The NLNZ digitisation team maintain an annual newspaper digitisation programme. For example, for the year ending June 2022 they might plan to digitise four batches of roughly 100,000 pages each, with the different steps of the batch process planned in the schedule, evenly staggered over the allocated months. The digitisation steps for each batch are (generally):

Prepare task order.
Dispatch microfilm.
Copy and store data.
Do acceptance testing.
Organize release to production.

Each step is managed by a digitisation advisor, who also carries out the acceptance testing and prepares the release for production.

The occasional newspaper is digitised directly from paper, but the majority are digitised from microfilm. Intermediate copies of the microfilm are made and sent off to a vendor who then captures the page images. From those page images the vendor captures the text, produces output in a variety of file formats such as TIFFs and XML, and then sends the data back.

The team then carries out a range of automated and manual acceptance testing on this received data which usually results in a handful of rework. When that is all done, the completed content is delivered through Papers Past.

The data that is received from the vendor consists of:

two TIFF images per newspaper page
- one PM (preservation master)
- one MM (modified master)
METS and ALTO XML
page-level and issue-level PDFs

Preservation masters are unmodified, uncompressed page scans.

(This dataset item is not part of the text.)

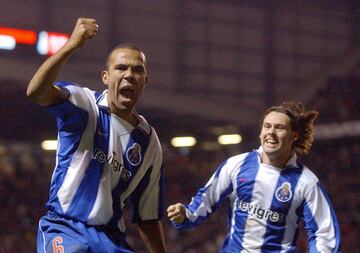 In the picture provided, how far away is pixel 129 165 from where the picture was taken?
120 inches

Modified masters are deskewed, dimensionally smaller, compressed versions of the preservation masters, and are used as a source for OCR and for display via the web-based presentation software. METS and ALTO XML is the industry standard data format for representing newspaper issues in digital form. Page-level and issue-level PDFs are created and made available to make it easy for end users to print selected newspaper material.

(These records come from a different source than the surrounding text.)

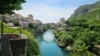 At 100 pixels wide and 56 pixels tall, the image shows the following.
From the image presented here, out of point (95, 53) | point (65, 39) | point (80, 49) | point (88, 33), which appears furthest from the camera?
point (65, 39)

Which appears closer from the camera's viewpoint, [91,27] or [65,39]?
[91,27]

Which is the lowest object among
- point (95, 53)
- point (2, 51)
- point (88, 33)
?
point (95, 53)

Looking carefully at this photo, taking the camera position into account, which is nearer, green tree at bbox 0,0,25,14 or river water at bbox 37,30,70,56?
green tree at bbox 0,0,25,14

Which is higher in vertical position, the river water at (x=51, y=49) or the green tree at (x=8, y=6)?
the green tree at (x=8, y=6)

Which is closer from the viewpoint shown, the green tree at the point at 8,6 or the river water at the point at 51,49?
the green tree at the point at 8,6

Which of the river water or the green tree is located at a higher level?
the green tree

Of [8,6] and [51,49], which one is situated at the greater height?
[8,6]

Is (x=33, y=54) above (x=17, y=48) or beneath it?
beneath

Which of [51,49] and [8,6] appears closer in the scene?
[8,6]

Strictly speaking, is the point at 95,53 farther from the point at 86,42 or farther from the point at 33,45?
the point at 33,45

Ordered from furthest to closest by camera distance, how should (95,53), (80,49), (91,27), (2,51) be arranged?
1. (91,27)
2. (95,53)
3. (80,49)
4. (2,51)

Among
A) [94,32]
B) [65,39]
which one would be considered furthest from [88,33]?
[65,39]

When a new batch of data is loaded into the Papers Past data store, it isn't added as a self-contained batch of data. Instead, it goes into an existing directory structure which is arranged by newspaper title. This means that the directory structure itself helps to maintain data uniformity, including helping to prevent duplicate copies of the same newspaper issue from appearing in the data.

When the decision is made to digitise a particular batch of newspapers on microfilm, a manual check is performed to ensure there are no overlapping newspaper issues on that microfilm, compared with newspaper issues already digitised and available on Papers Past. This check is performed to avoid the potential for duplicate newspaper issues to appear in separate source data batches. In general, a single copy (i.e. the best available version) of the source METS/ALTO data of each newspaper issue is maintained in Papers Past at any one time. If there were two copies of the same newspaper issue in the METS/ALTO data, this would be considered a clashing newspaper issue which would need to be resolved, because at most one version of each newspaper issue must be ingested into the production Papers Past installation.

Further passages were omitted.